School of Medicine Encourages Georgia 4-H'ers to 'Set Sights on Medical School'
MACON – Mercer University School of Medicine and Georgia 4-H recently joined forces to offer a unique experience for 4-H'ers interested in a career in the medical field.
“Setting Your Sights on Medical School” is one of several initiatives being developed through a new partnership between the School of Medicine and Georgia 4-H. The event, for ninth- through 12th-graders, is intended to inspire and enable youth from rural Georgia to pursue healthcare careers.
Twenty-four Georgia 4-H'ers from across South Georgia attended the pilot event. They participated in interactive stations to explore rural health needs and medical school resources. They also spent time with medical school faculty, staff and students and learned about basic requirements to apply to medical school.
The event was coordinated Jean Sumner, M.D., dean of the School of Medicine, and Laura Bland, director of community outreach and population health, as well as Lee Anna Deal, Southeast District 4-H program development coordinator, Brandi McGonagill, Bleckley County 4-H agent, and Abby Smith, Effingham County 4-H agent.
“Mercer University School of Medicine is honored to partner with Georgia 4-H,” said Dr. Sumner. “4-H is an outstanding service-based leadership organization that offers life-changing opportunities to young Georgians. Mercer is committed to its mission to improve access to health care in rural and underserved areas of this state by providing physicians to this state. Mercer University School of Medicine only admits Georgia residents. Together we can open doors to young people from across this state, and particularly from rural areas, who are interested in entering health professions and returning to rural Georgia to serve.”
“We are so excited that Mercer University School of Medicine reached out to Georgia 4-H in an effort to help young people from rural areas of Georgia make going to medical school a reality,” said Deal. “Our mission in Georgia 4-H is to offer opportunities like this for young people to acquire knowledge and develop skills to help them reach their goals. Hands-on learning experiences, like this event at Mercer, are just the type of programming 4-H'ers get excited about being a part of. We hope that we have impacted these young people in a positive way to help them reach their future goals.”
About the Mercer University School of Medicine (Macon, Savannah and Columbus)
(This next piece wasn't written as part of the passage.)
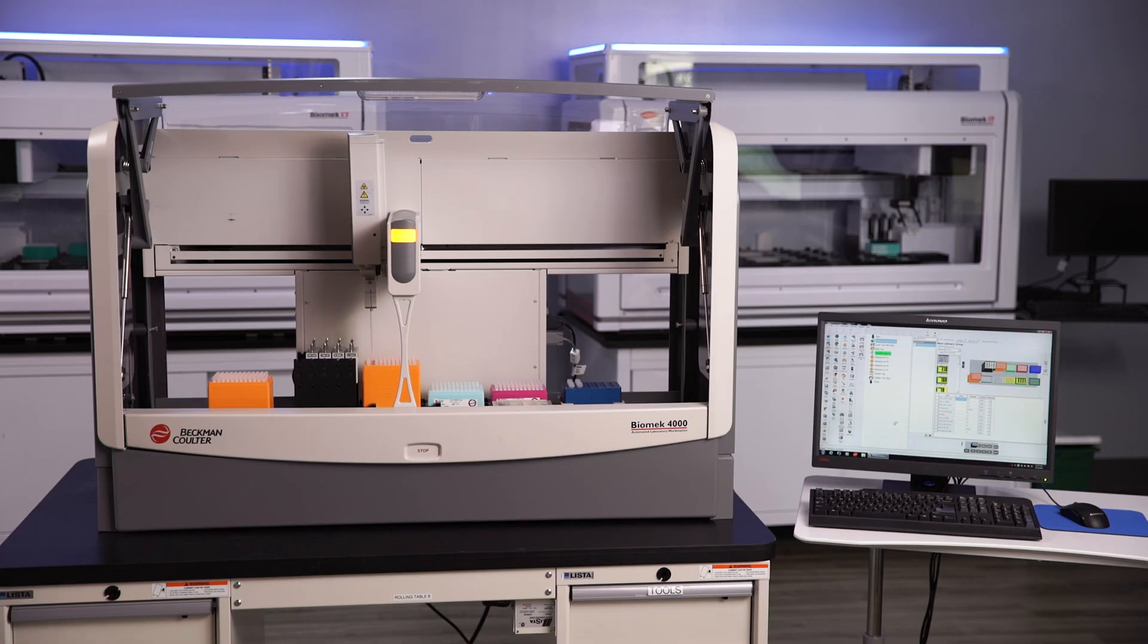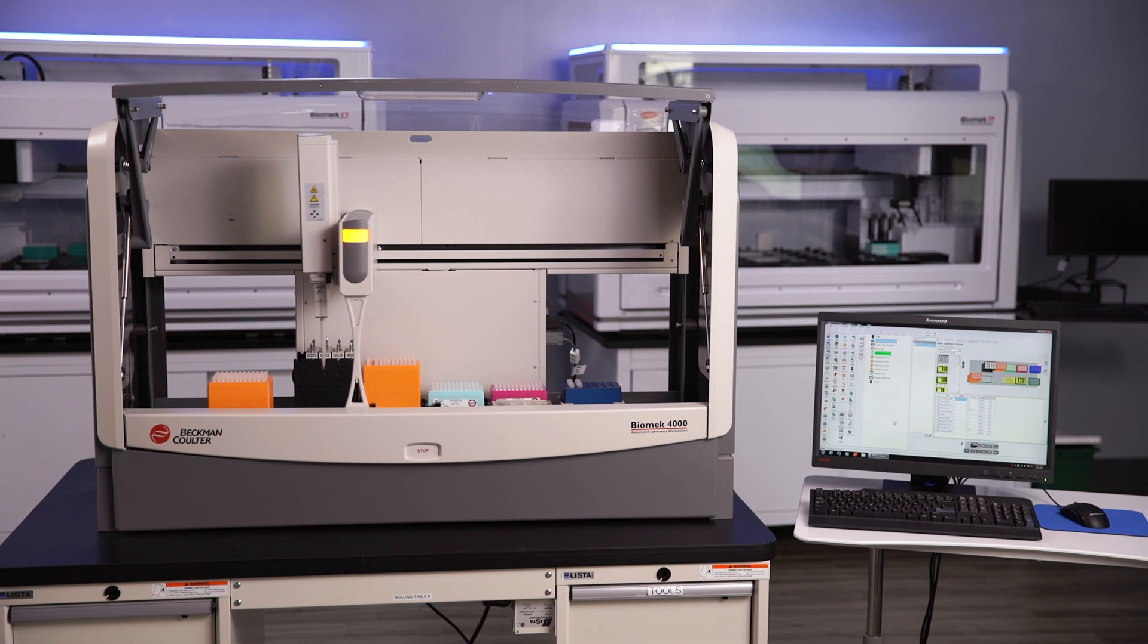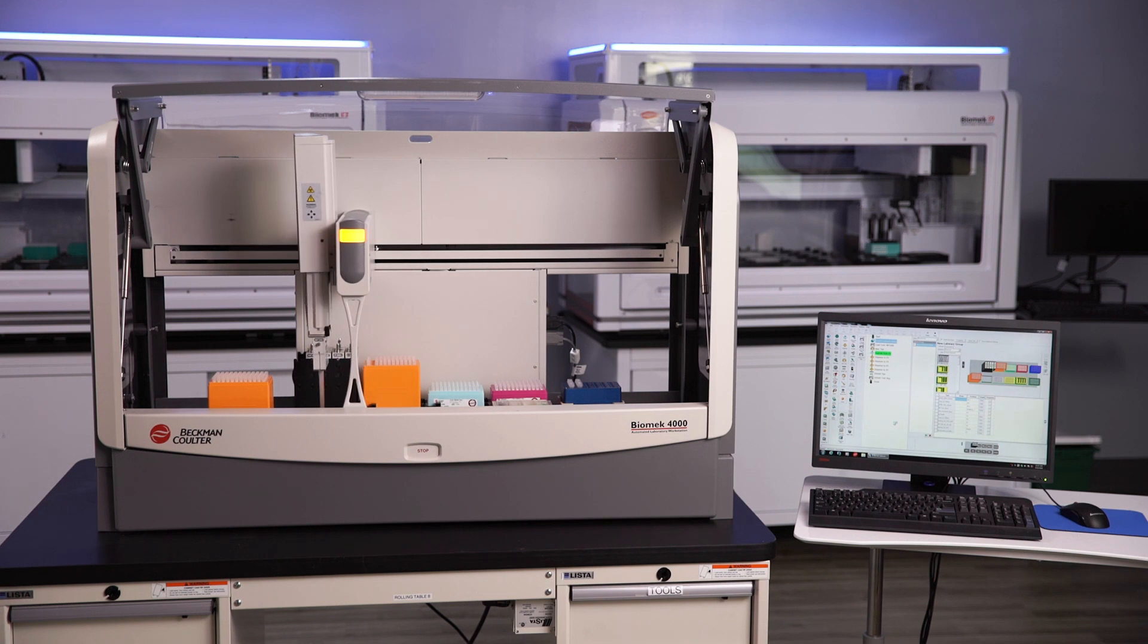Reliable, efficient, and easy to operate, the Biomech 4000 is the next logical step in lab automation.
Mercer University's School of Medicine was established in 1982 to educate physicians and health professionals to meet the primary care and health care needs of rural and medically underserved areas of Georgia. Today, more than 60 percent of graduates currently practice in the state of Georgia, and of those, more than 80 percent are practicing in rural or medically underserved areas of Georgia. Mercer medical students benefit from a problem-based medical education program that provides early patient care experiences. Such an academic environment fosters the early development of clinical problem-solving and instills in each student an awareness of the place of the basic medical sciences in medical practice. The School opened a full four-year campus in Savannah in 2008 at Memorial University Medical Center. In 2012, the School began offering clinical education for third- and fourth-year medical students in Columbus. Following their second year, students participate in core clinical clerkships at the School's primary teaching hospitals: Medical Center, Navicent Health in Macon; Memorial University Medical Center in Savannah; and Midtown Medical Center and St. Francis Hospital in Columbus. The School also offers master's degrees in family therapy, preclinical sciences and biomedical sciences.